----- Raw data

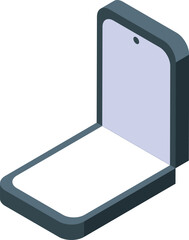 Poster - Folding smartphone presenting empty screen displaying new application, isolated on white background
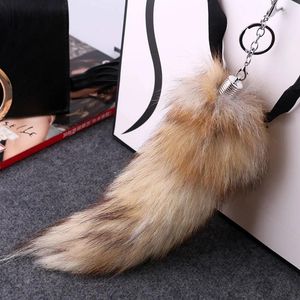 Keychains Real Fur Tail Keychain Stor lång Natural Tassel Pendant Key Chain Bags Charm Keys Holder Par Keyrings Gifts smycken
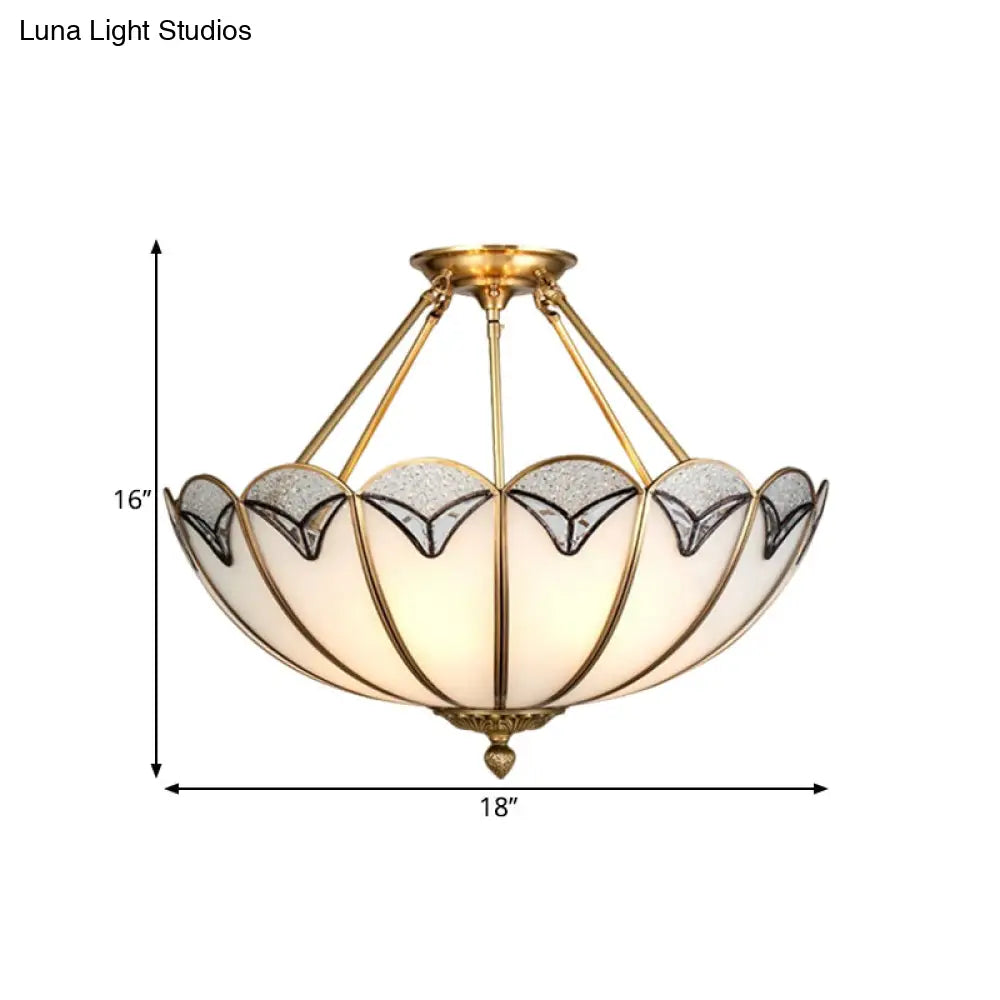 Vintage Brass Semi-Flush Mount Umbrella-Like Light with Milky Glass - 4 Heads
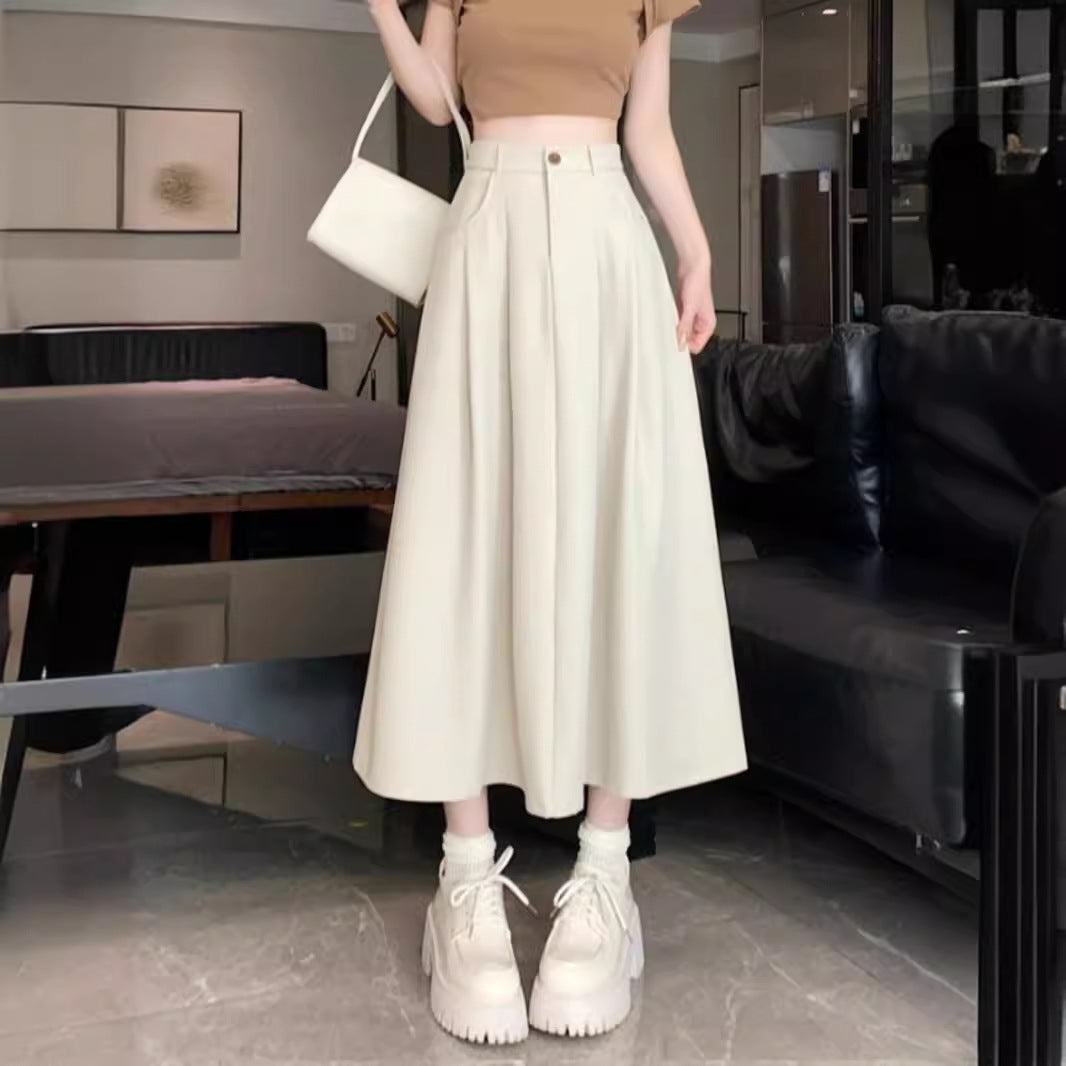 Draping  Women's Casual High Waist A- Line Skirt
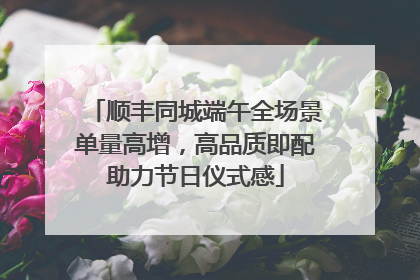顺丰同城端午全场景单量高增，高品质即配助力节日仪式感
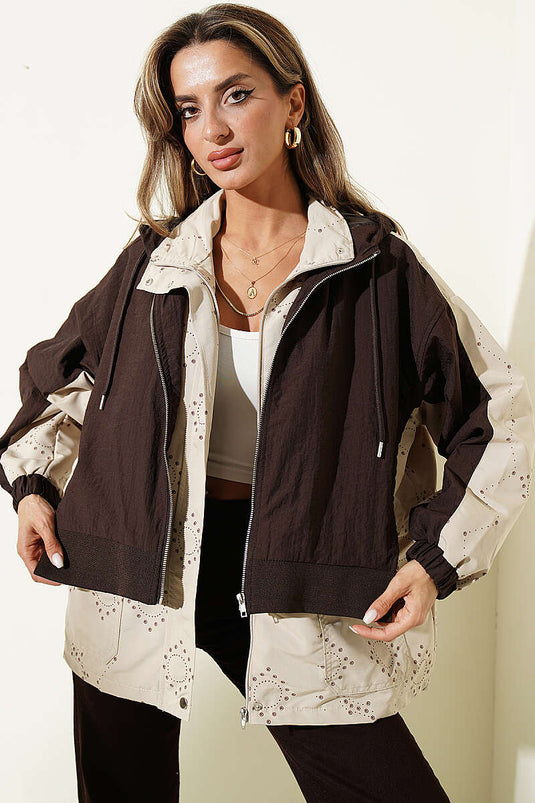 Trench Coat Imbottito Con Cappuccio Beige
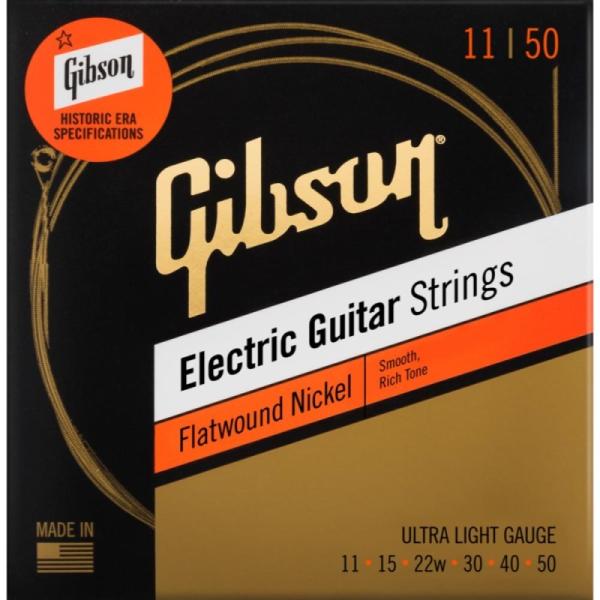 Gibson Flatwound Electric Guitar Strings (Ultra Li...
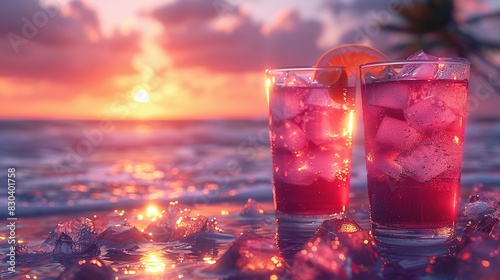 Refreshing Cocktails on the Beach at Sunset: Summer Holiday Party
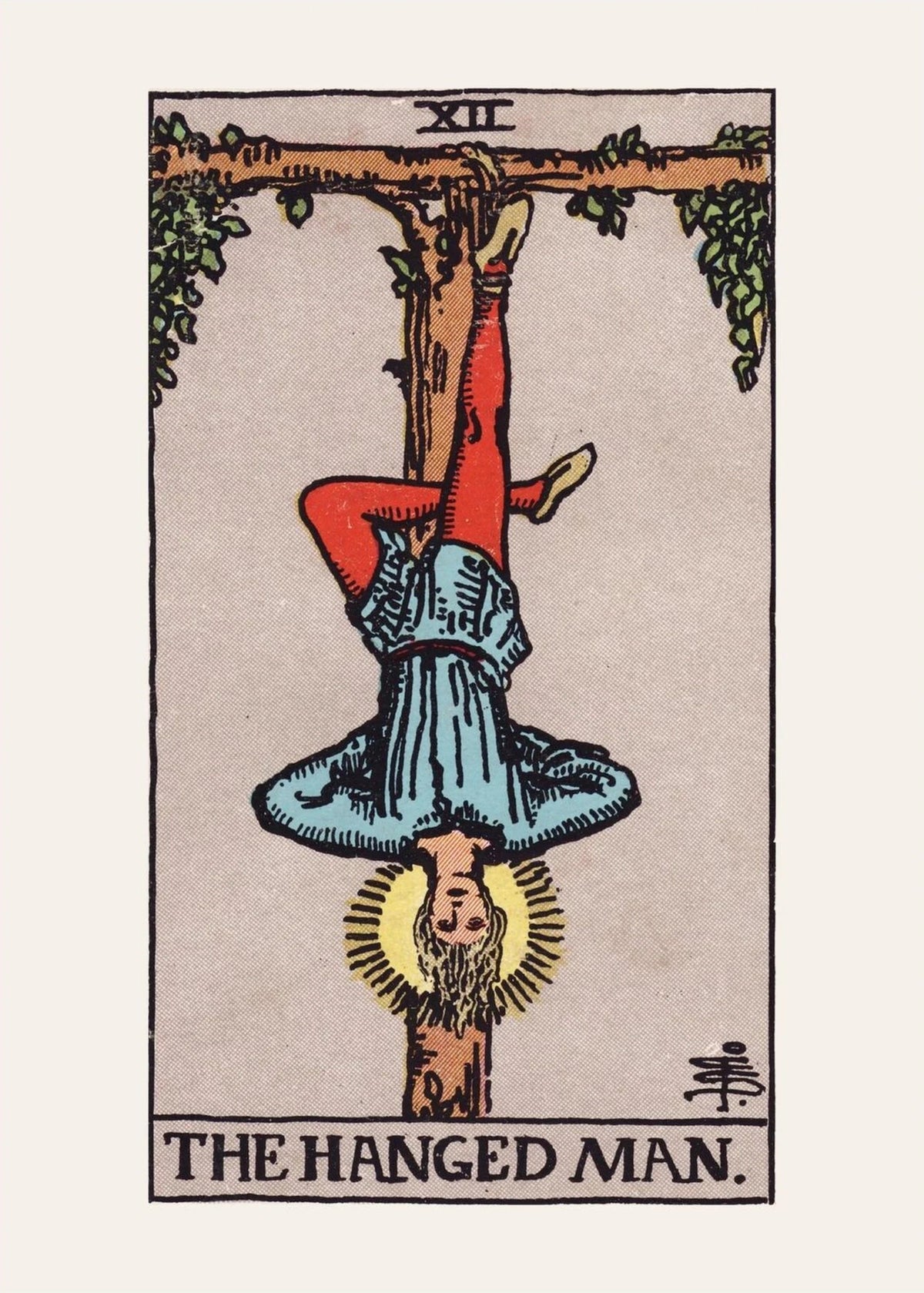 Le Pendu, arcane XII du tarot Rider-Waite, l'affiche seule, papier épais mat éco-responsable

----------

**Task to complete:**
Omit the pictures and set down the records exactly.

**Response area:**
 Poster - Folding smartphone presenting empty screen displaying new application, isolated on white background
 Keychains Real Fur Tail Keychain Stor lång Natural Tassel Pendant Key Chain Bags Charm Keys Holder Par Keyrings Gifts smycken
 Vintage Brass Semi-Flush Mount Umbrella-Like Light with Milky Glass - 4 Heads
 Draping  Women's Casual High Waist A- Line Skirt
顺丰同城端午全场景单量高增，高品质即配助力节日仪式感
 Trench Coat Imbottito Con Cappuccio Beige
 Gibson Flatwound Electric Guitar Strings (Ultra Li...
 Refreshing Cocktails on the Beach at Sunset: Summer Holiday Party
 Le Pendu, arcane XII du tarot Rider-Waite, l'affiche seule, papier épais mat éco-responsable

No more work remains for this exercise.